Un tel accord a des effets divers. Au premier plan, il y a les avantages économiques. Les économistes du groupe de réflexion américain, Peterson Institute for International Economics (PIIE), estiment que le produit intérieur brut des pays participants augmentera de façon permanente de 0,2%. C’est beaucoup, et cela pourrait représenter plus de 74 milliards de dollars par an.

Mais Gabriel Felbermayr, président de l’Institut de Kiel pour l’économie mondiale (IfW), met les choses en perspective: «Le traité contribue à une formation de blocs plus forts, ce qui pourrait porter massivement atteinte au principe du multilatéralisme.» Et même s’il ne s’agissait pas de former un bloc politique, mais plutôt de se concentrer uniquement sur les marchés de vente, Felbermayr pourrait avoir raison.

Réponses nécessaires

Avec cet accord, l’Europe perdra en effet de son importance pour la Chine à long terme. A l’avenir, la République populaire ne sera plus aussi dépendante de la vente de ses biens à l’Allemagne ou à la France. A l’inverse, les entreprises européennes sont également désavantagées si elles veulent produire en Asie ou y vendre leurs produits. Cela est dû au fait que la plupart des pays européens n’ont pas d’accès au libre-échange avec les pays du RCEP. La bonne nouvelle pour la Suisse, c’est qu’elle se distingue des autres économies du Vieux-Continent.

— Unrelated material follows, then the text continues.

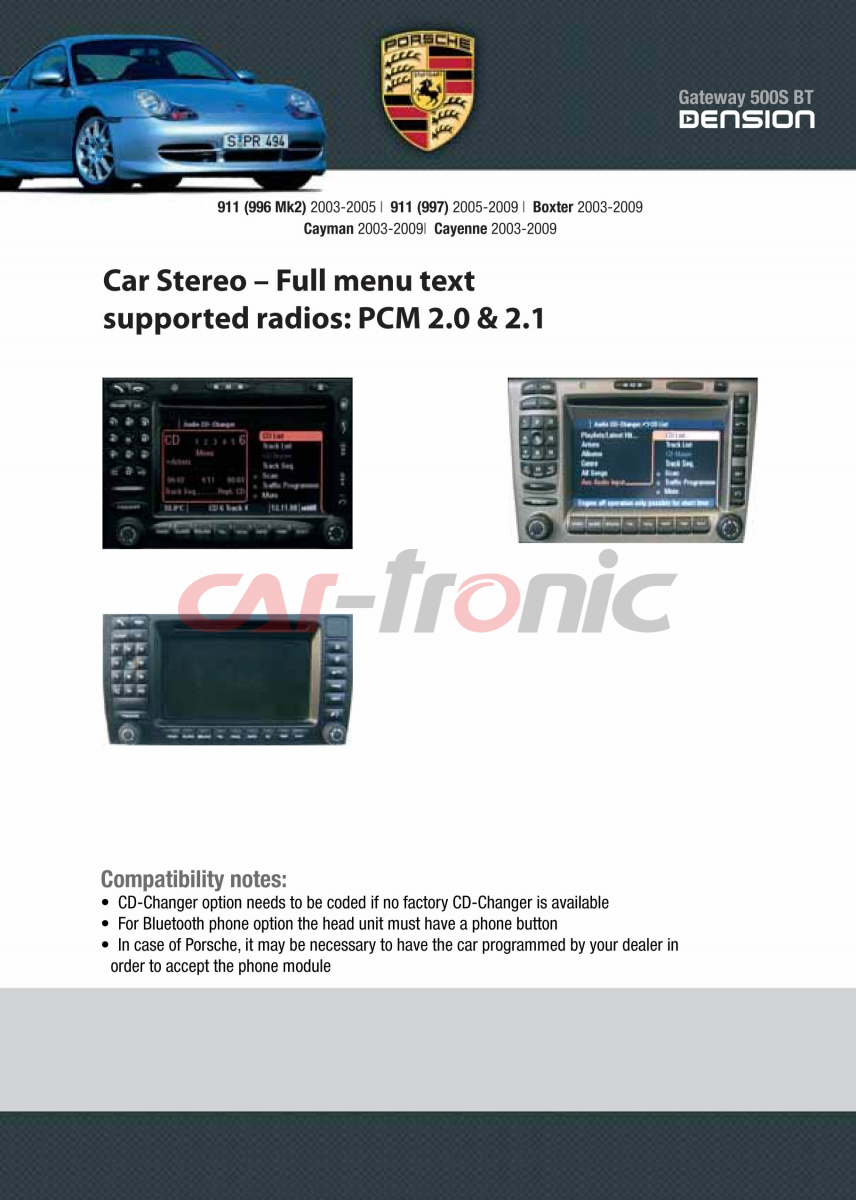 Dension Gateway 500S BT Bluetooth Audi BMW Mercedes Porsche DUAL FOT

La Suisse est le pays européen qui a conclu le plus grand nombre d’accords de libre-échange dans le cadre du RCEP. A l’exception du Laos, du Cambodge, de l’Australie et de la Nouvelle-Zélande, la Confédération suisse – seule ou au sein du groupe AELE – maintient ou négocie de tels accords avec tous les pays de la région. La Suisse est également active dans la nouvelle route de la soie et participe aux comités qui s’y trouvent. La seule question est de savoir dans quelle mesure elle s’y positionne.

Henrique Schneider, usam

COUP DE PROJECTEUR sur un nouveau mondeContenu de l’accord

Barrières douanières éliminées sur 91% des biens

Le partenariat régional économique global, ou en anglais: Regional Comprehensive Economic Partnership (RCEP), est un projet d’accord de libre-échange entre 15 pays autour de l’océan Pacifique. C’est l’accord commercial le plus important du monde. Il a été signé le 15 novembre 2020 lors d’un sommet virtuel de l’ASEAN.

Il inclut les dix pays membres de l’ASEAN, à savoir: la Birmanie, Brunei, le Cambodge, l’Indonésie, le Laos, la Malaisie, les Philippines, Singapour, la Thaïlande et le Vietnam; ainsi que cinq autres pays qui possèdent déjà un accord de libre-échange bilatéral avec l’ASEAN, à savoir: l’Australie, la Chine, le Japon, la Corée du Sud et la Nouvelle-Zélande.

Contenu de l’accord

L’accord vise à réduire les droits de douane et les formalités administratives. Il permet d’éliminer les barrières douanières sur 91% des biens. Les suppressions sur les tarifs douaniers d’importation de biens agricoles sont de 61% pour le Japon, 56% pour la Chine, 49% pour la Corée du Sud. Les tarifs douaniers sont maintenus sur le riz, le blé, les produits laitiers, le sucre et le bœuf et le porc pour protéger les fermiers locaux. Les autres pays réduisent leur tarifs douaniers de 91,5% sur les exportations industrielles japonaises.

Dans le cas de la Chine, le taux de taxe douanier passera de 40% à 0 après 21 années. En Corée du Sud, le taux de 15% sera éliminé après 15 années. Les tarifs chinois de 10% sur les coquilles Saint-Jacques et pétoncles japonais seront également éliminés. Il comprend des règles d’origine unifiées dans tout le bloc, ce qui peut faciliter les chaînes d’approvisionnement internationales et le commerce au sein de la région.

Au niveau de la taille, le RCEP a cinq fois plus de population que l’alliance transpacifique, ainsi qu’un PIB global deux fois plus élevé.